In 1987, the Indira Gandhi Rashtriya Kalakendra (IGNCA) and Sri Caitanya Prema Sansthana (SCPS) initiated the process of academically revisiting the culture richness of Braj. A serious and comprehensive documentation effort by SCPS grew into a rich archive of printed and audio-visual material that made it a natural home for scholars and researchers from India and abroad.

This collaborative effort, formally launched at the beginning of 1988, produced a series of translations of classical texts central to Braj, a compilation and publication of historic documents and a series of international seminars and multi-media exhibitions for exposing new audiences to the fascinating history and culture of Braj. The project came to known as Vraja Prakalpa.

The following article was written by Acharya Srivatsa Goswamiji of Sri Caitanya Prema Sansthana. This is Part –III of the three-part series. Part-II was published in VT’s last edition.


From both the raas lila and samaj traditions further art forms developed, which are described below.

Dhrupad

The Bhagavata Purana tells that Lalita sakhi sang in Dhrupad style during the famous Maharaas dance. Dhrupad means “fixed verse”, that is, the verse used are set to a definite melodic and rhythmic pattern.

Its historic development has already been outlined, from its rise in the courtly tradition of the sixteenth century to its demise with the fall of those same courts.

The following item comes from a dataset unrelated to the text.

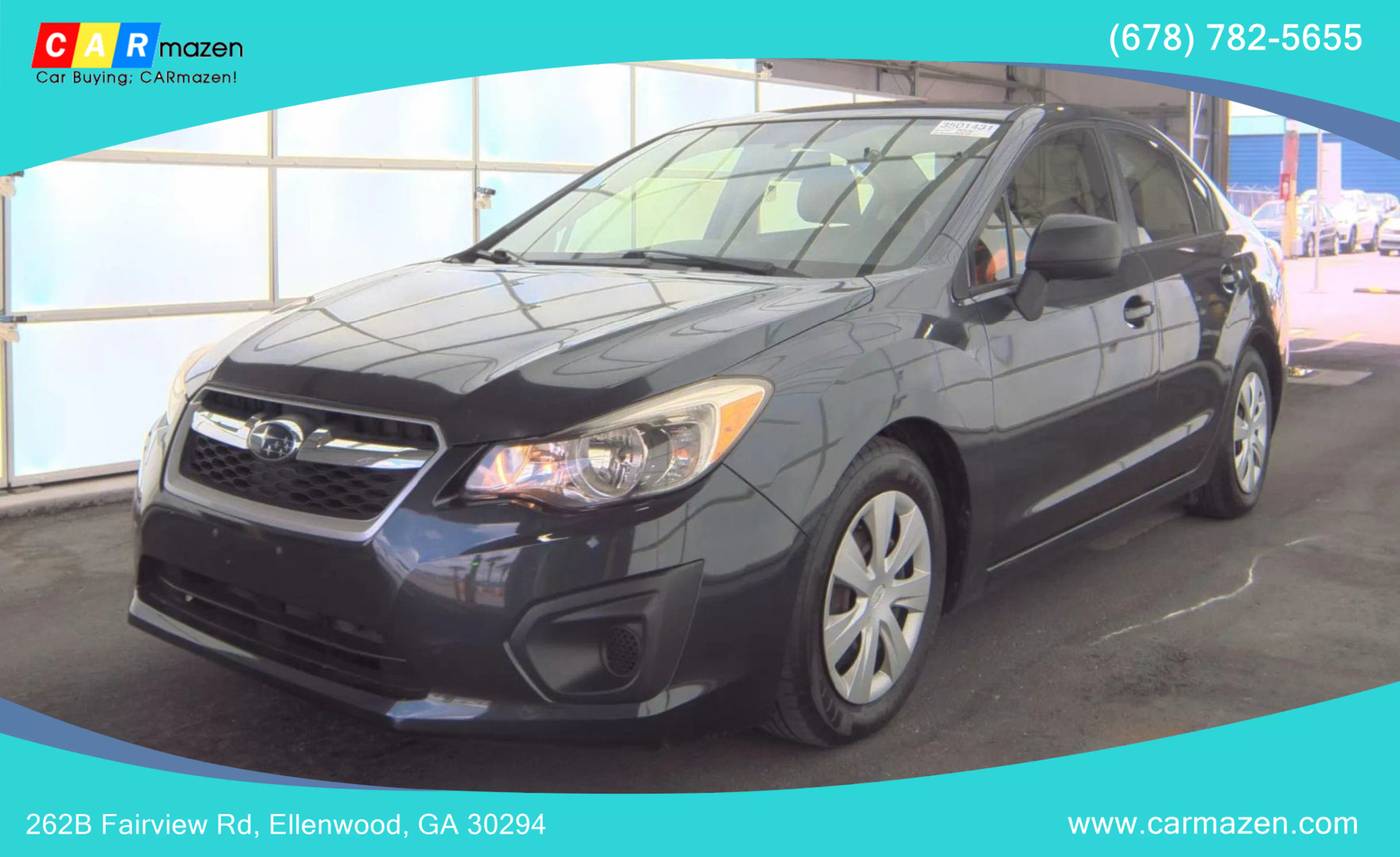 2013 Subaru Impreza 2.0i — Sedan — 113,695 mi — Ellenwood, GA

However, even as Dhrupad declined in the seventeenth and eighteenth centuries, its forms were incorporated into more popular and enduring traditions, becoming the basis of raas lila and samaj. Its stylistic eminence is even recognized today, when all royal patronage for this most courtly art form has completely disappeared; raas lila and samaj repay their debt to the parent tradition of Dhrupad by promulgating its musical form.

In course of time, however, renewed interest has been shown in the parent of so many other traditions. Dhrupad Samarohas (festival) have taken place in Varanasi since 1976, and with that renewal of interest, the cycle seems to have been reinvigorated. There have been Dhrupad Samarohas in Vrindavan since 1979, where the tradition of Dhrupad had always continued in the raas lila, and there has also been a Samaroha in Nathdwara, itself closely allied with the Dhrupad tradition through its own musical form of temple worship known as Haveli Sangeet.

Thus, Dhrupad, one of the few surviving forms of original medieval art in India, seems to be regaining its place in the pantheon of arts with regular events at Jaipur, Delhi and other places.

Since there is no means of reviving the patronage system that once fostered this art, it is obvious that new means must be found to ensure its survival. One such has been the foundation of a traditional school, a Dhrupad Gurukula, in Vrindavan at SCPS since 1982, so closely allied with Dhrupad through its own tradition of saints and musicians, who provided the verses and music for the form, and through the continuing tradition of raas lila-mandalis or troupes, which have utilized the classical forms of Dhrupad by incorporating them into the folk tradition of music-drama to reenact the sports of Radha and Krishna in Braj.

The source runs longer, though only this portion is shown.